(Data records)
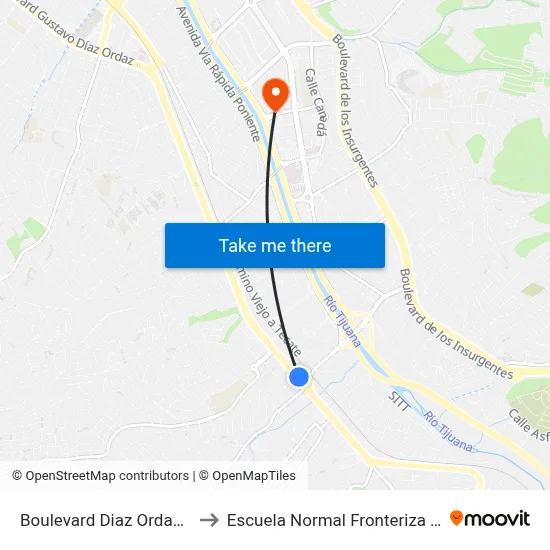 Boulevard Diaz Ordaz, 301a to Escuela Normal Fronteriza Tijuana map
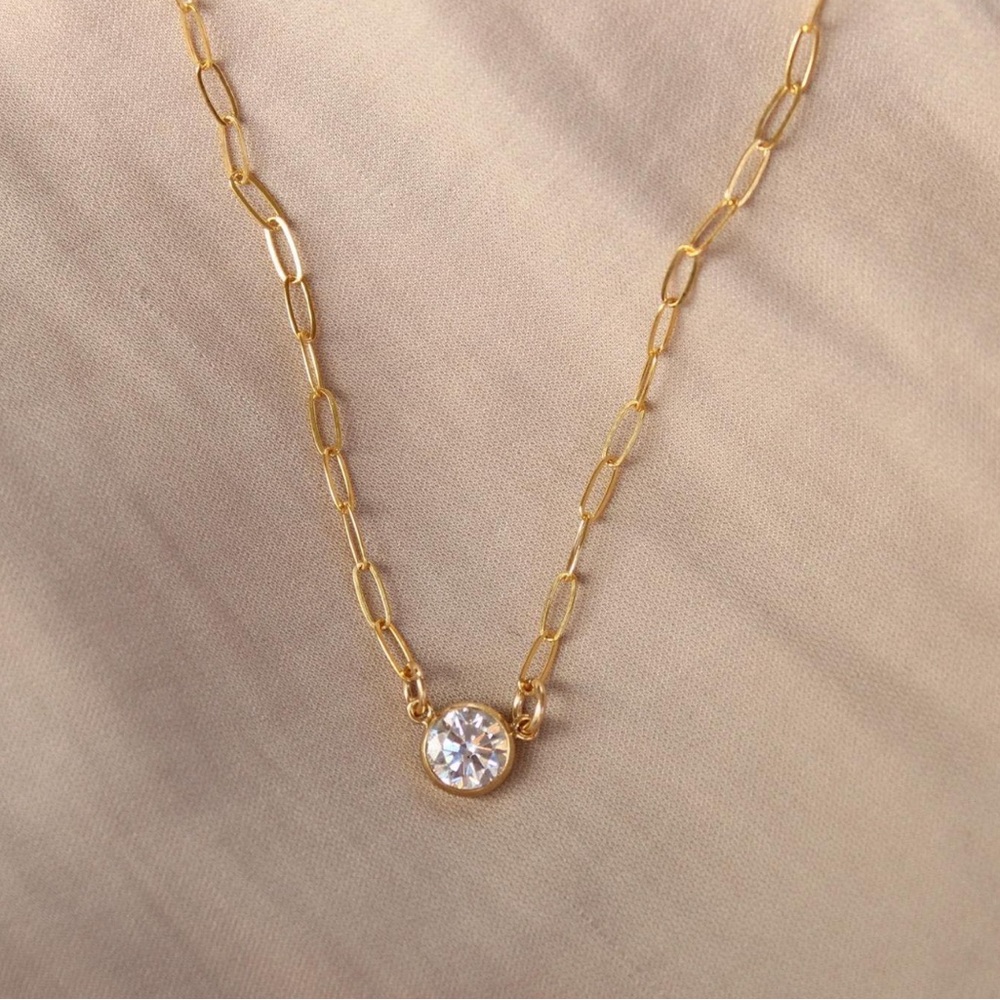 14K Gold Filled 7mm CZ Bezel Solitaire Necklace Dainty Paper Clip Chain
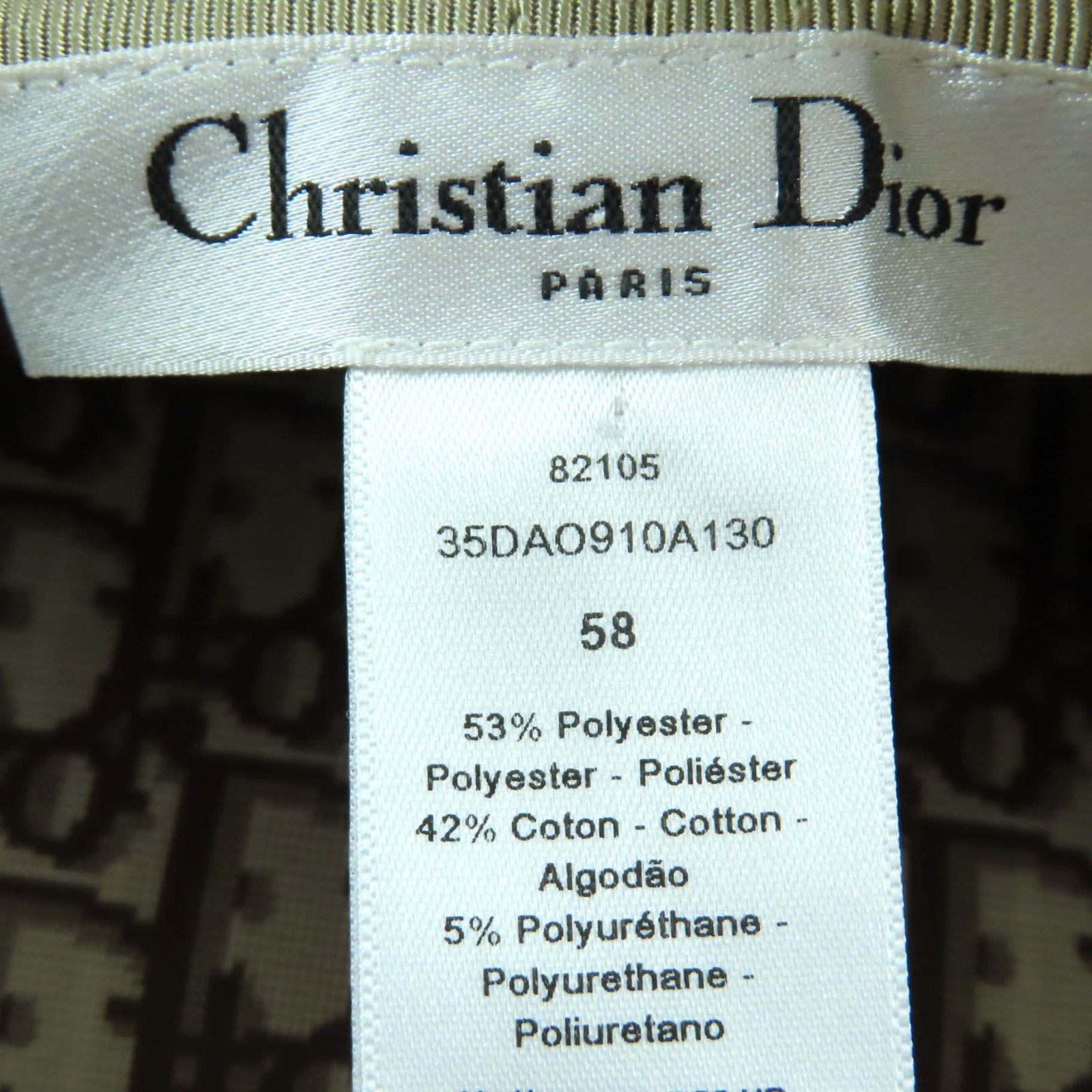 極美品◇Christian Dior クリスチャンディオール 35DAO910A130 裏地オブリーク柄 BEE刺繍 ベレー帽 58 箱付き 伊製 正規品 レディース 極美品◇Christian Dior クリスチャンディオール 35DAO910A130 裏地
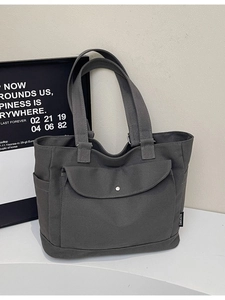 Women Large Capacity Canvas Tote Bag Minimalist Casual Shoulder Bag With Zipper Multi Pockets For Daily Work School Travel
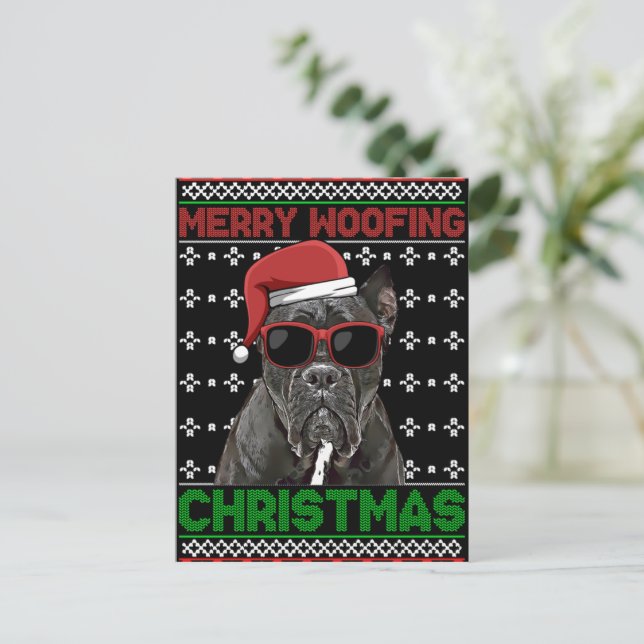 Postal Cane Corso Dog Funny Merry Woofing Navidades (Anverso de pie)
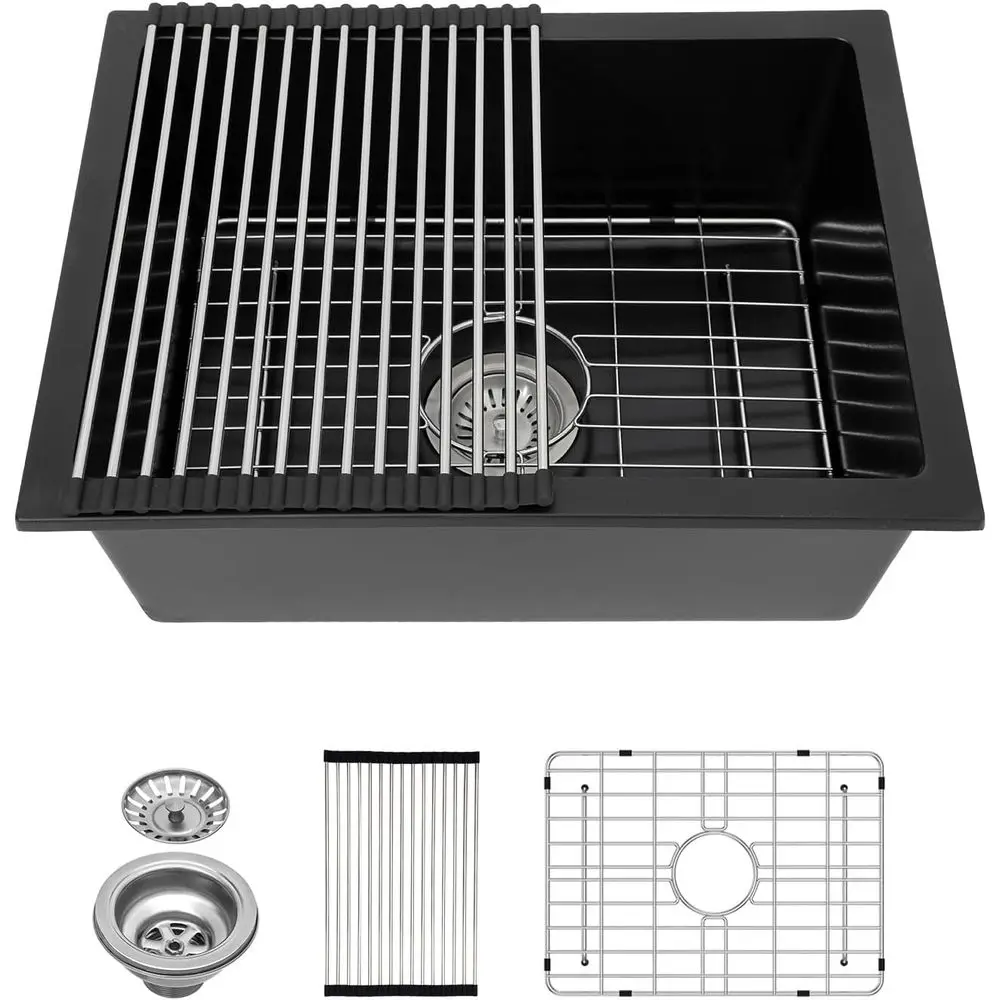 

22 Granite Composite Bar Sink - 22×17 Inch Undermount Kitchen Sink 9 Inch Deep Utility Sinks Black Under Counter Single Bowl Kit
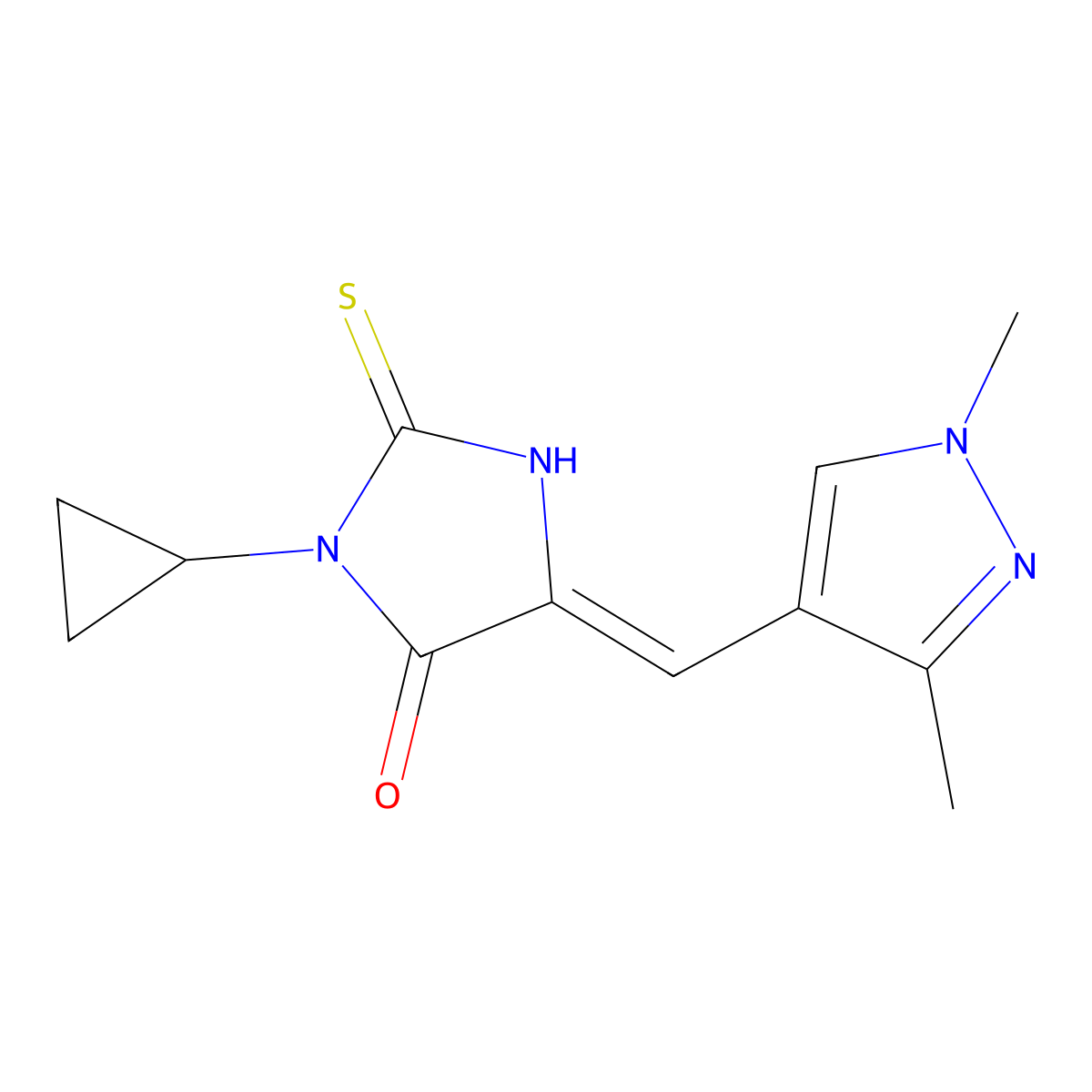 3-Cyclopropyl-5-[(1,3-dimethylpyrazol-4-yl)methylidene]-2-sulfanylideneimidazolidin-4-one molecular structure, CAS 1005695-94-2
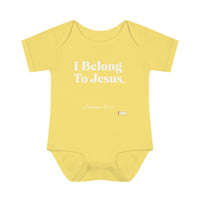 I Belong To Jesus Infant Baby Bodysuit, White Print-Children's Clothing-KVOM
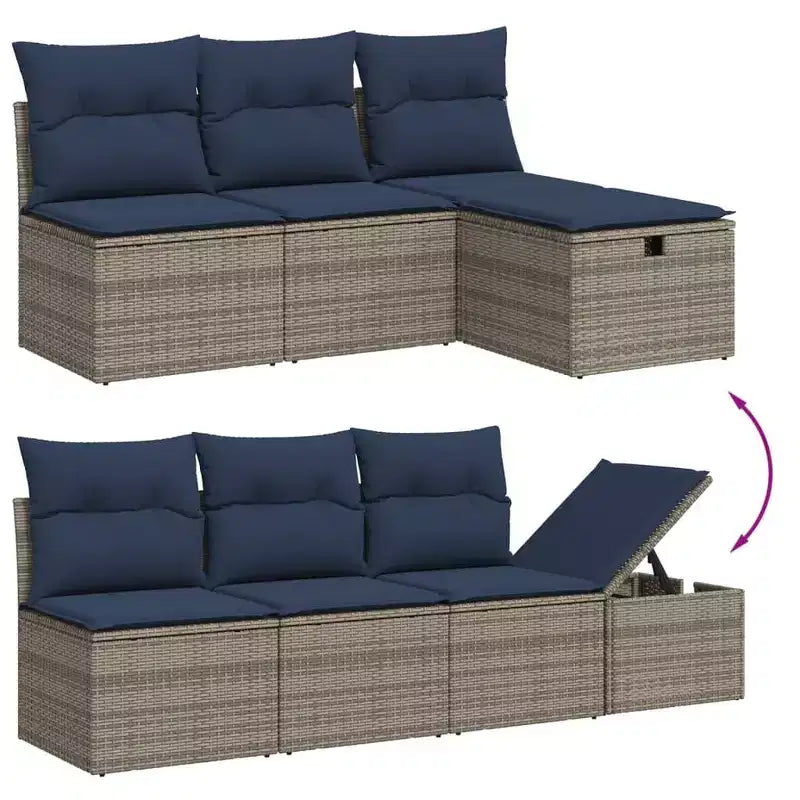 vidaXL Salon de jardin 8 pièces avec coussins résine tressée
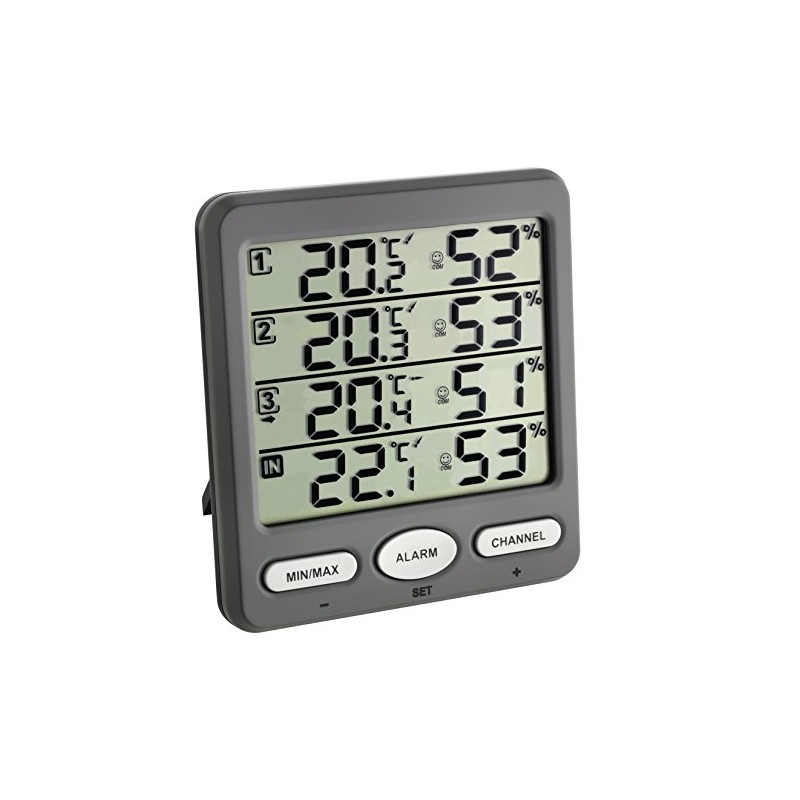 TFA-Dostmann radio-thermo-hygrometer, climate monitor TFA 30.3054, room climate control.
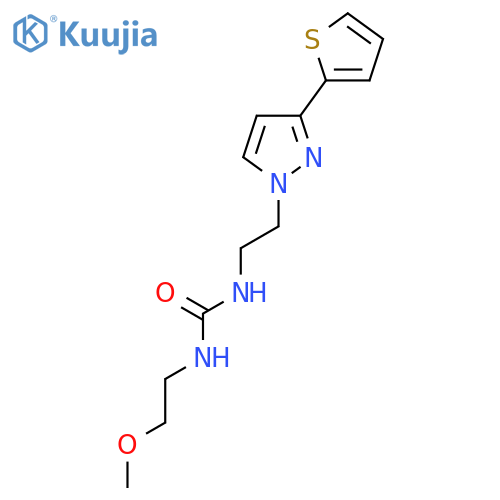 3-(2-methoxyethyl)-1-{2-3-(thiophen-2-yl)-1H-pyrazol-1-ylethyl}urea structure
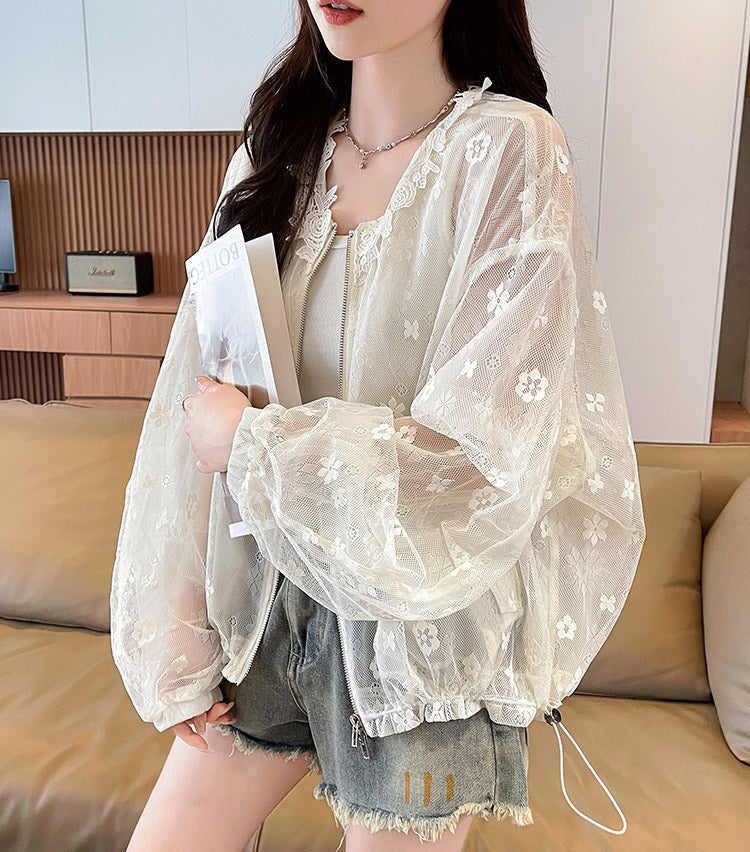 Lace Jacquard Openwork Breathable Short Jacket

__TASK__
All records must be output exactly as they are, except for the pictures, which are left out.

__EXPECTED ANSWER__
 Boulevard Diaz Ordaz, 301a to Escuela Normal Fronteriza Tijuana map
 14K Gold Filled 7mm CZ Bezel Solitaire Necklace Dainty Paper Clip Chain
 極美品◇Christian Dior クリスチャンディオール 35DAO910A130 裏地オブリーク柄 BEE刺繍 ベレー帽 58 箱付き 伊製 正規品 レディース 極美品◇Christian Dior クリスチャンディオール 35DAO910A130 裏地
 Women Large Capacity Canvas Tote Bag Minimalist Casual Shoulder Bag With Zipper Multi Pockets For Daily Work School Travel
 Postal Cane Corso Dog Funny Merry Woofing Navidades (Anverso de pie)

22 Granite Composite Bar Sink - 22×17 Inch Undermount Kitchen Sink 9 Inch Deep Utility Sinks Black Under Counter Single Bowl Kit
 3-Cyclopropyl-5-[(1,3-dimethylpyrazol-4-yl)methylidene]-2-sulfanylideneimidazolidin-4-one molecular structure, CAS 1005695-94-2
 I Belong To Jesus Infant Baby Bodysuit, White Print-Children's Clothing-KVOM
 vidaXL Salon de jardin 8 pièces avec coussins résine tressée
 TFA-Dostmann radio-thermo-hygrometer, climate monitor TFA 30.3054, room climate control.
 3-(2-methoxyethyl)-1-{2-3-(thiophen-2-yl)-1H-pyrazol-1-ylethyl}urea structure
 Lace Jacquard Openwork Breathable Short Jacket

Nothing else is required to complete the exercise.